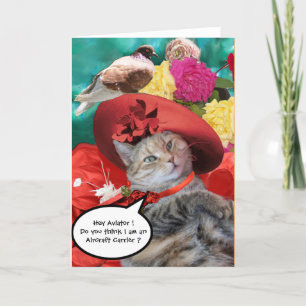CELEBRITY CAT PRINCESS TATUS, RED HAT WITH PIGEON CARD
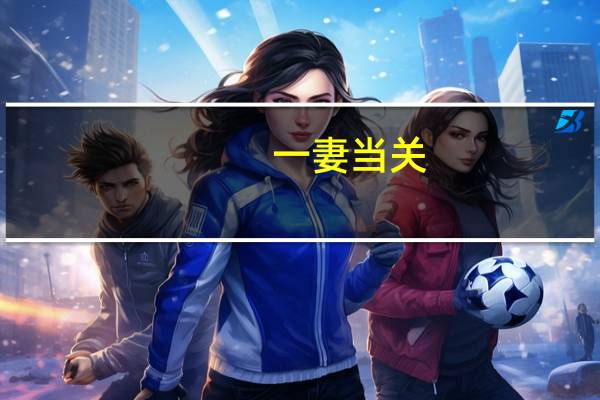 一妻当关（关于一妻当关的介绍）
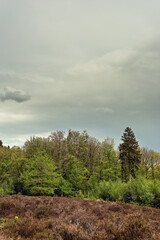 Wall Mural - Forest edge with coniferous and deciduous trees in a heath landscape under a dark cloudy sky.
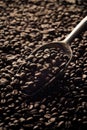 Scoop of coffee beans Royalty Free Stock Photo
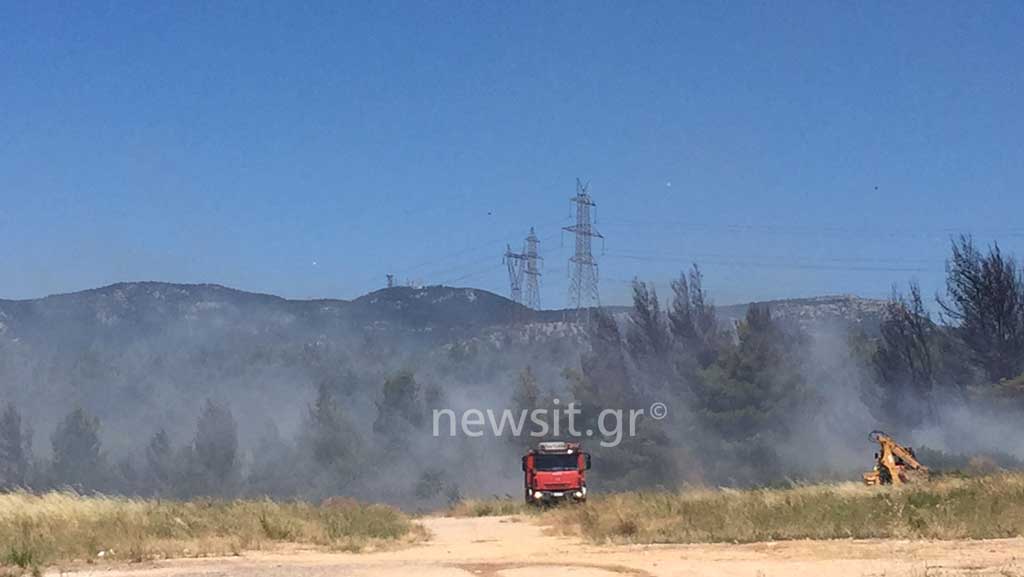 Υπό μερικό έλεγχο η πυρκαγιά στο Κρυονέρι Αττικής - Media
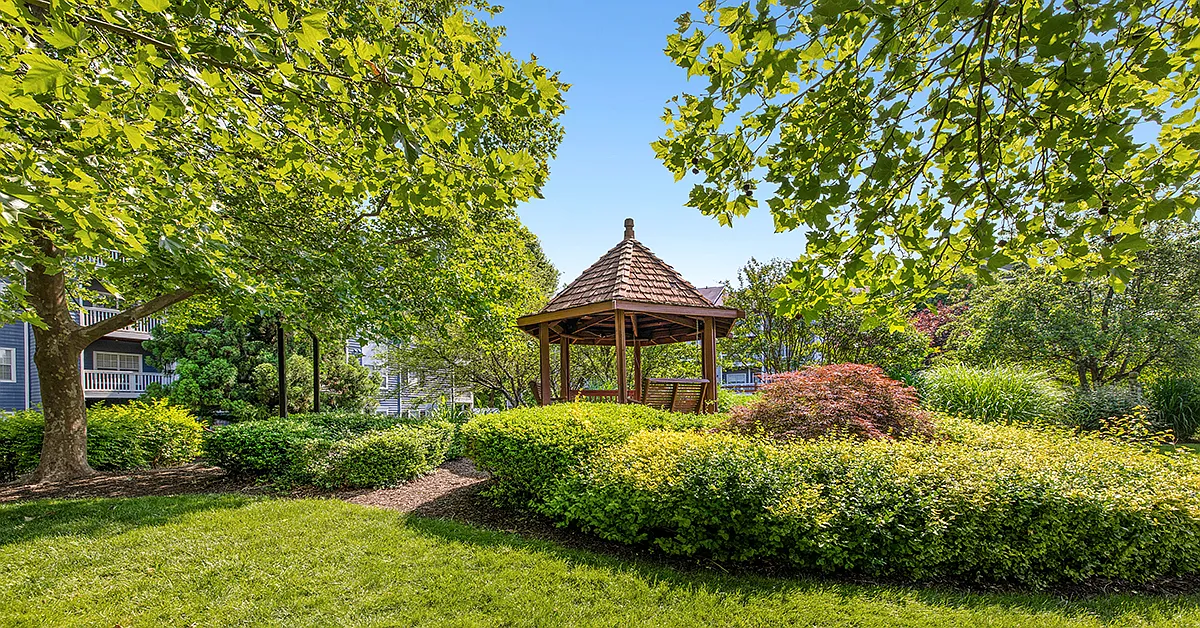 MAA Centreville — Photo 4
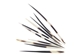 African Porcupine Quill: B-Grade Thick: Small (3-5") - 184-02B1S (F9)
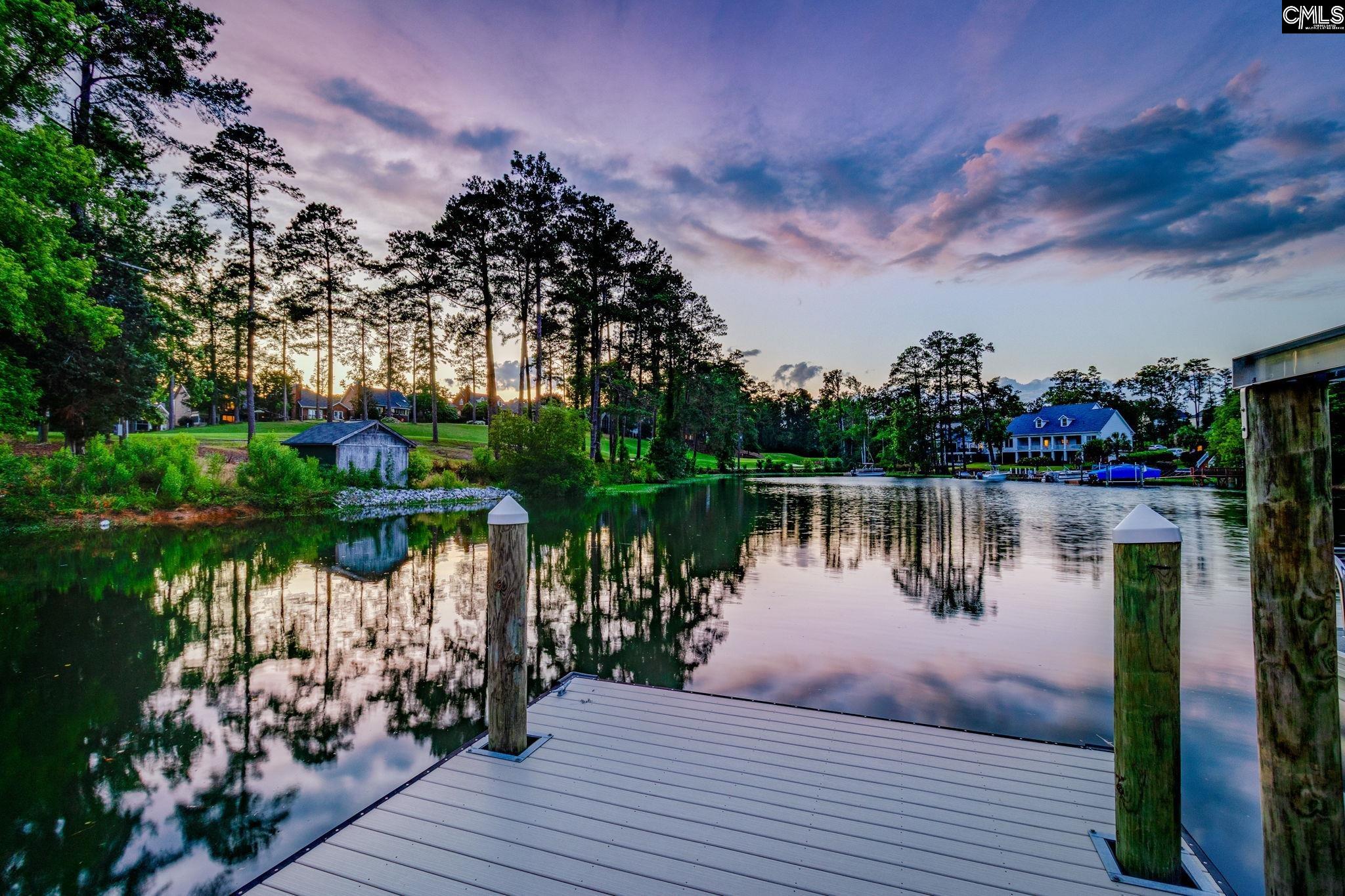 233 Pointe Overlook Drive Chapin, SC 29036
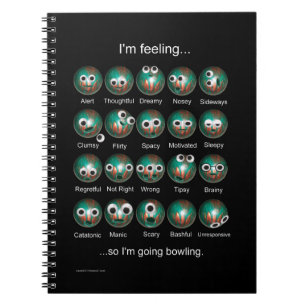 Carnet émotions Bowling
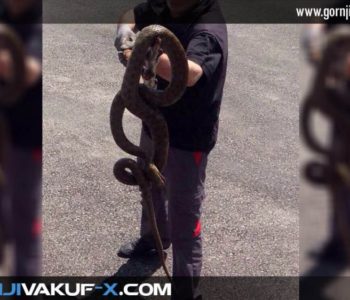 Gornji Vakuf-Uskoplje: Pronašli i ubili zmiju dugu tri metra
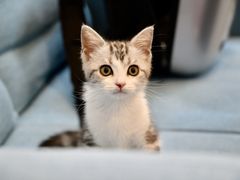 -爱妮康宠物医院·干细胞免疫细胞·肿瘤·心脏(张江店)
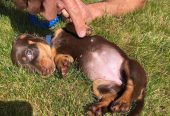 Cute dachshunds puppies available for sale
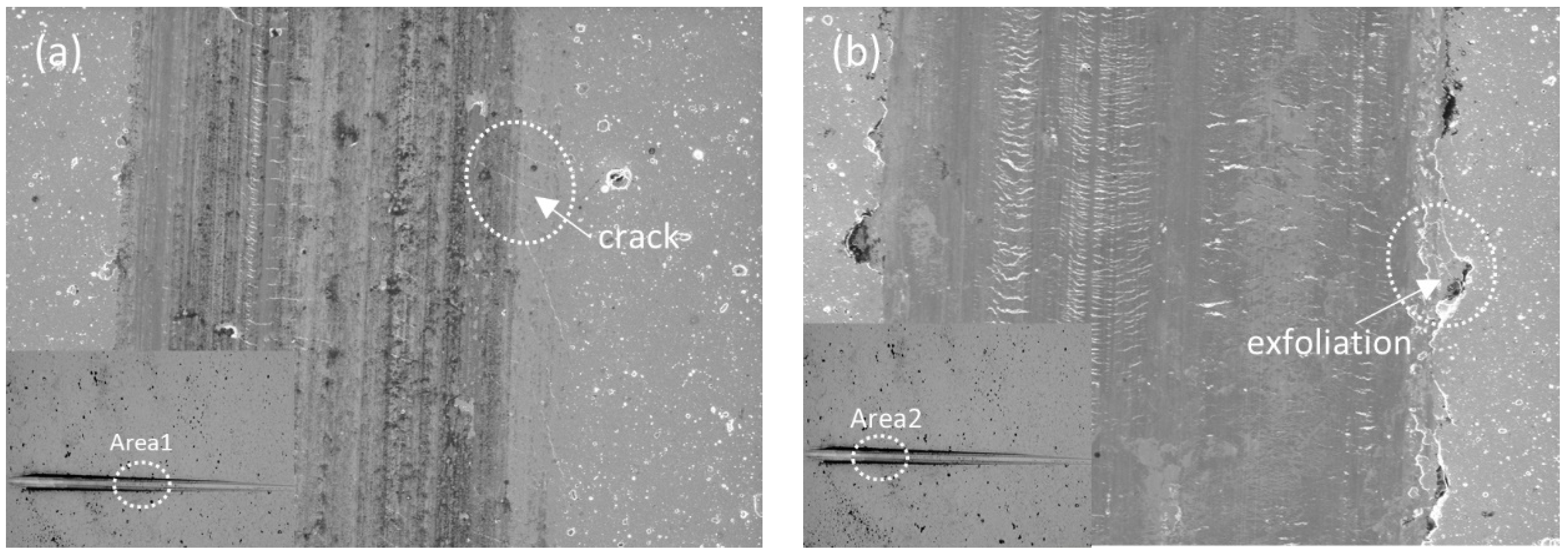 Coatings 12 00556 g011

####

* Requirement:
Copy all records exactly, no images.

* Answer for the task:
CELEBRITY CAT PRINCESS TATUS, RED HAT WITH PIGEON CARD
 一妻当关（关于一妻当关的介绍）
 Wall Mural - Forest edge with coniferous and deciduous trees in a heath landscape under a dark cloudy sky.
 Scoop of coffee beans Royalty Free Stock Photo
 Υπό μερικό έλεγχο η πυρκαγιά στο Κρυονέρι Αττικής - Media
 MAA Centreville — Photo 4
 African Porcupine Quill: B-Grade Thick: Small (3-5") - 184-02B1S (F9)
 233 Pointe Overlook Drive Chapin, SC 29036
 Carnet émotions Bowling
 Gornji Vakuf-Uskoplje: Pronašli i ubili zmiju dugu tri metra
 -爱妮康宠物医院·干细胞免疫细胞·肿瘤·心脏(张江店)
 Cute dachshunds puppies available for sale
 Coatings 12 00556 g011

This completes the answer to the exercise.